The shock of the new came from a first glimpse of the artwork. Artist Jenny Saville’s Strategy (South Face/Front Face/North Face) features a large woman in her underwear, examining herself from three different angles, a breathtaking challenge to the male gaze that has dominated the art world for centuries. When Richey Edwards (Richey James in the sleevenotes) sat down with Saville to explain the meanings behind the songs and the album’s overarching themes, she agreed to let them use the image for free.

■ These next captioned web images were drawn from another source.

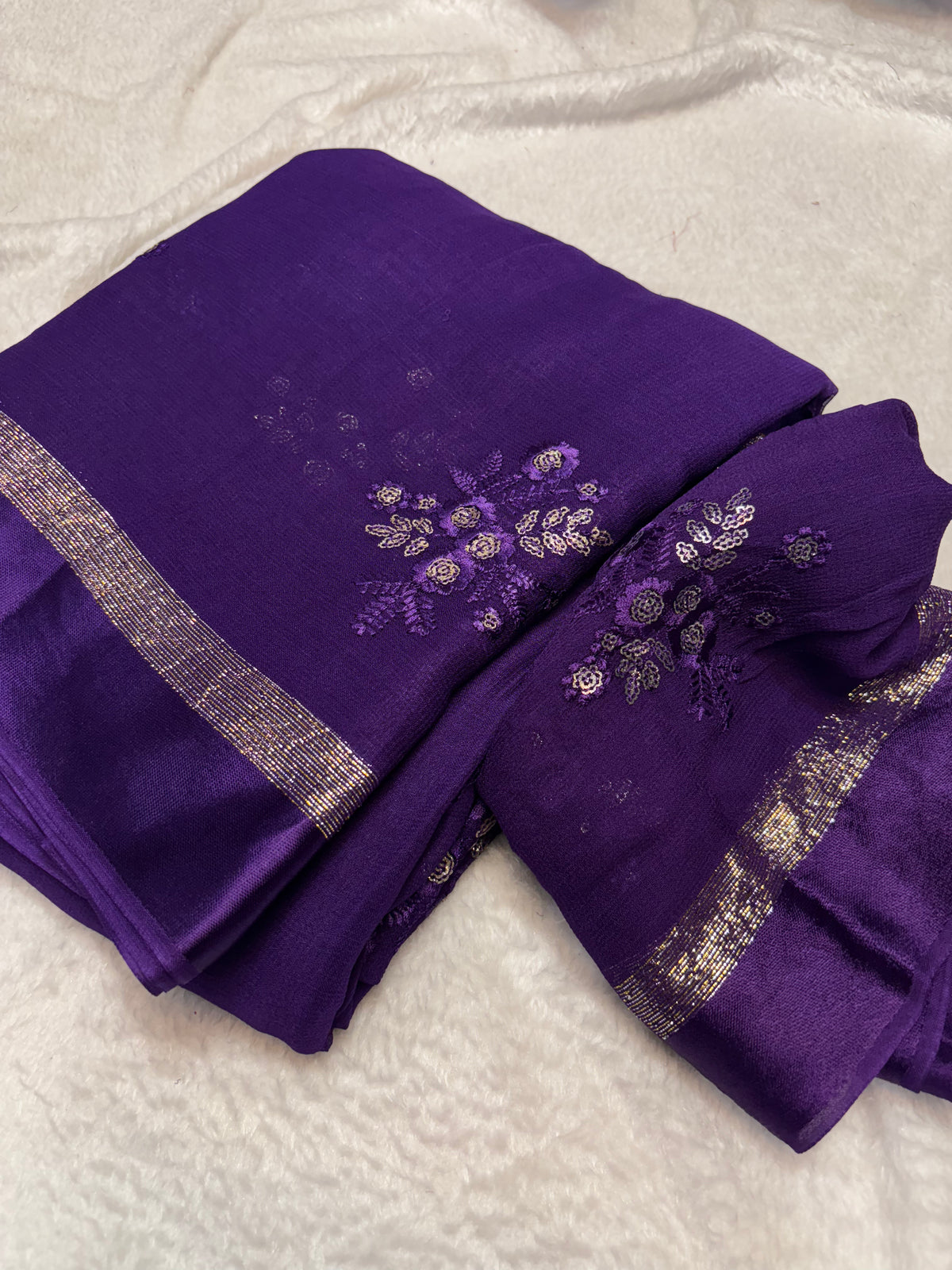 Glamorous Pure Viscose Georgette Fabric With Satin Border n Sequence Work Saree With Ravishing Blouse Piece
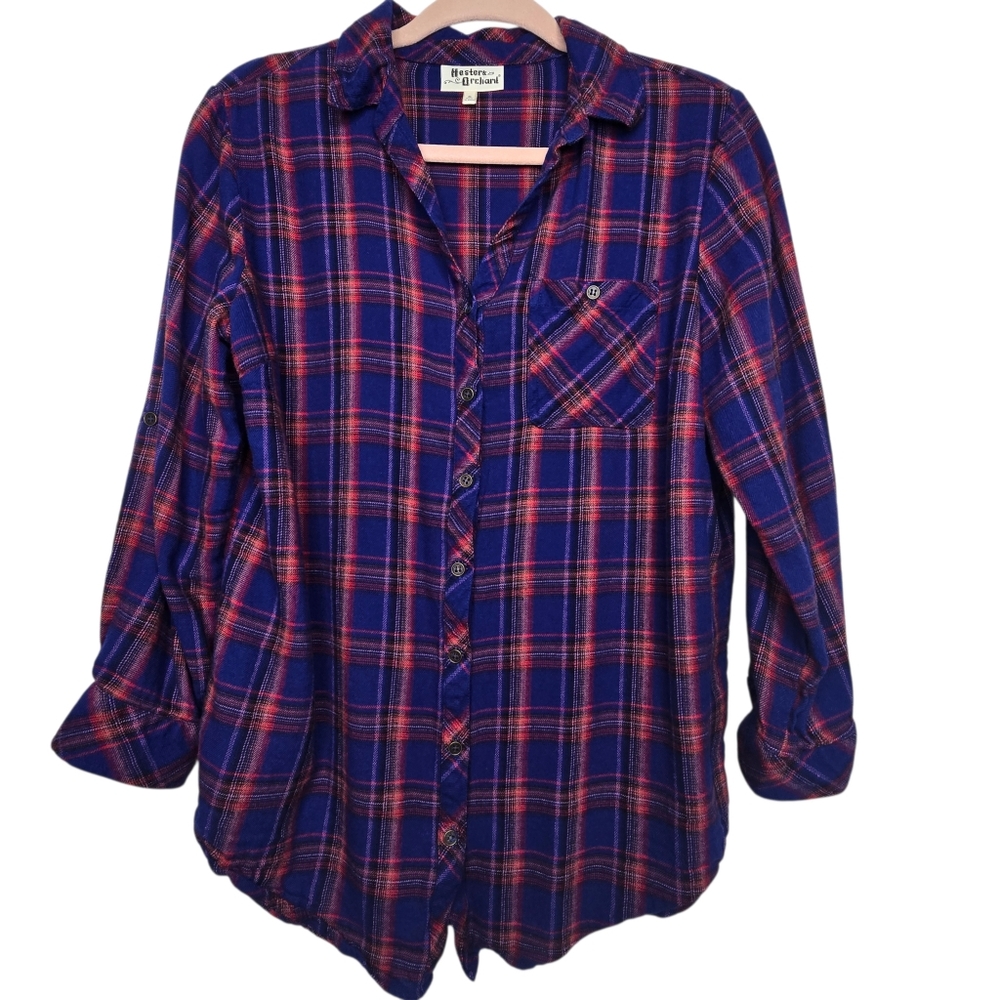 Hester & Orchard women's red and blue plaid long sleeve button down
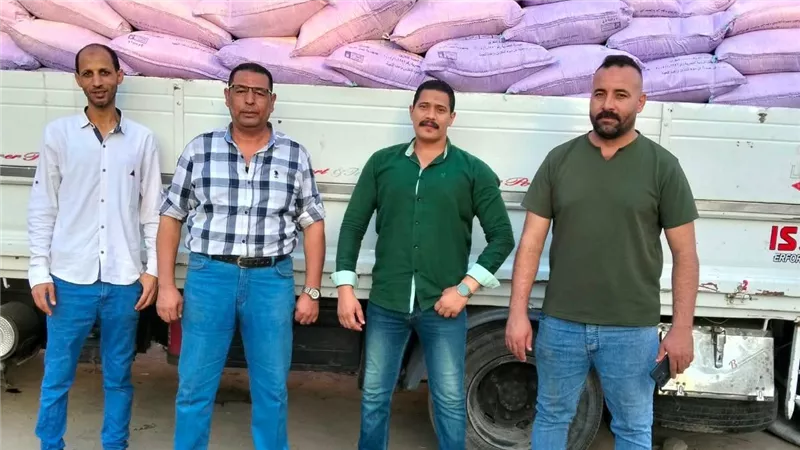 ضبط 10 أطنان دقيق بلدي مدعم معاد تعبئته في شكائر أخرى بالفيوم 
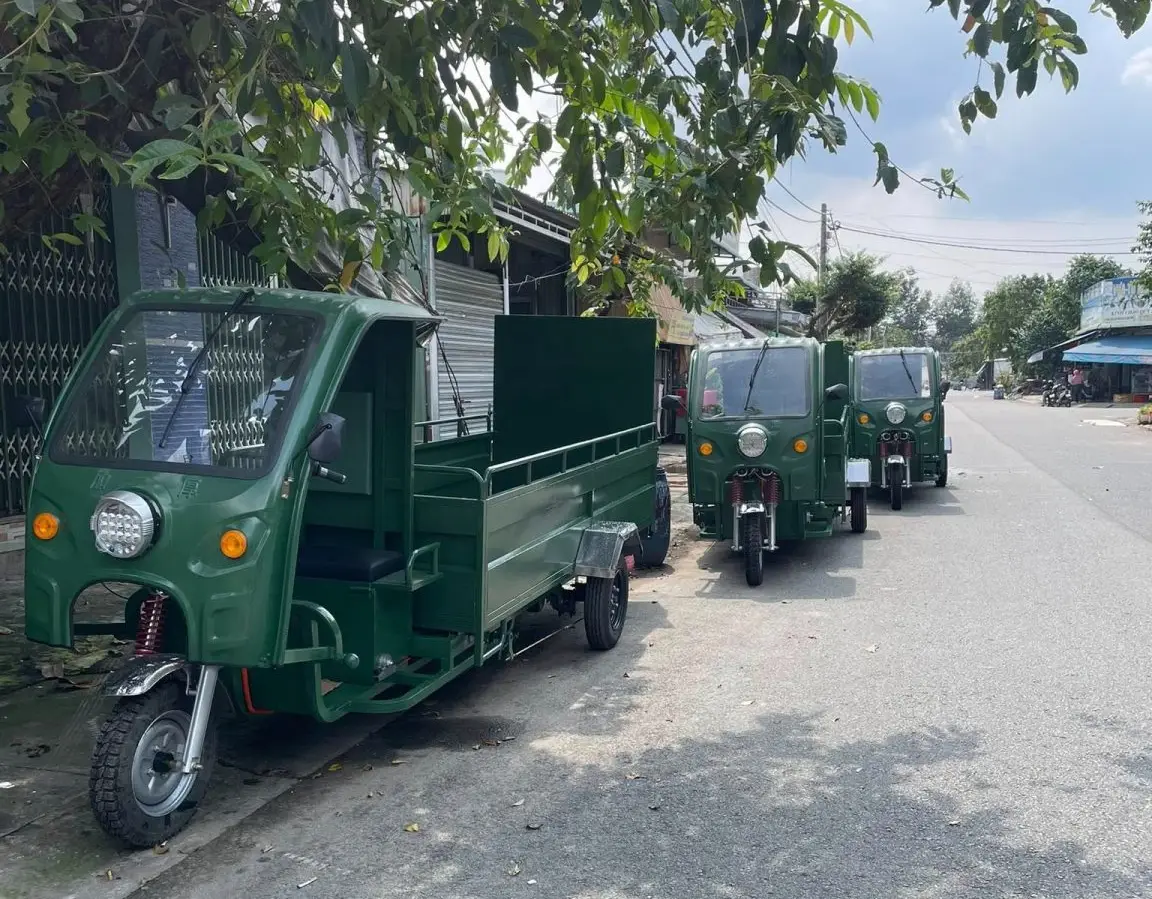 xe dien 3 banh cho 8 thung 240l hoac 4 thung 660l 02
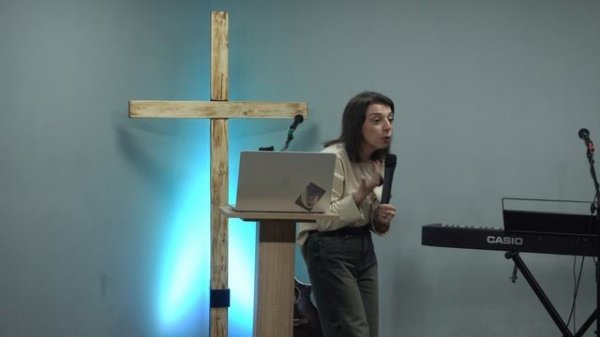 Элен Назарян | тема: прошлое, настоящее, будущее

Meanwhile, the back sleeve carried a quote from Octave Mirbeau’s The Torture Garden, a hint of the extent of the literary influences at play on the record itself, while the photographs of the band showed an entirely new mood – the bright leopard-print, eyeliner and spraypaint of their early days ousted in favour of a look that was military, beautiful, doomed.
The Holy Bible is the point at which the so-called Cult of Richey reached its peak, and it is undoubtedly his record, although he didn’t play a note on it. Previously he and bassist Nicky Wire had evenly shared lyric-writing duties, but here he took the lion’s share. Suffering depression, alcohol abuse, self-harm and anorexia, his bleak take on the world appeared to come from his own inner turmoil and his despairing view of the brutal history of the human race, taking on everything from serial killers and mob rule to small lives lived under right-wing totalitarian rule.
The words came in such a torrent you can hear frontman James Dean Bradfield tying himself in knots trying to fit them all in, from the tongue-twister dealing with prostitution and sexual exploitation in Yes to Faster, still one of the band’s most magnificent moments as self disgust meets a panicked self-aggrandisement: 'I am stronger than Mensa, Miller and Mailer/I spat out Plath and Pinter.'
When they performed the song on Top Of The Pops the show was inundated with kneejerk complaints, as Bradfield elected to wear the kind of balaclava synonymous with the IRA – although the fact that he’d scrawled his name across the forehead made it all somewhat less threatening.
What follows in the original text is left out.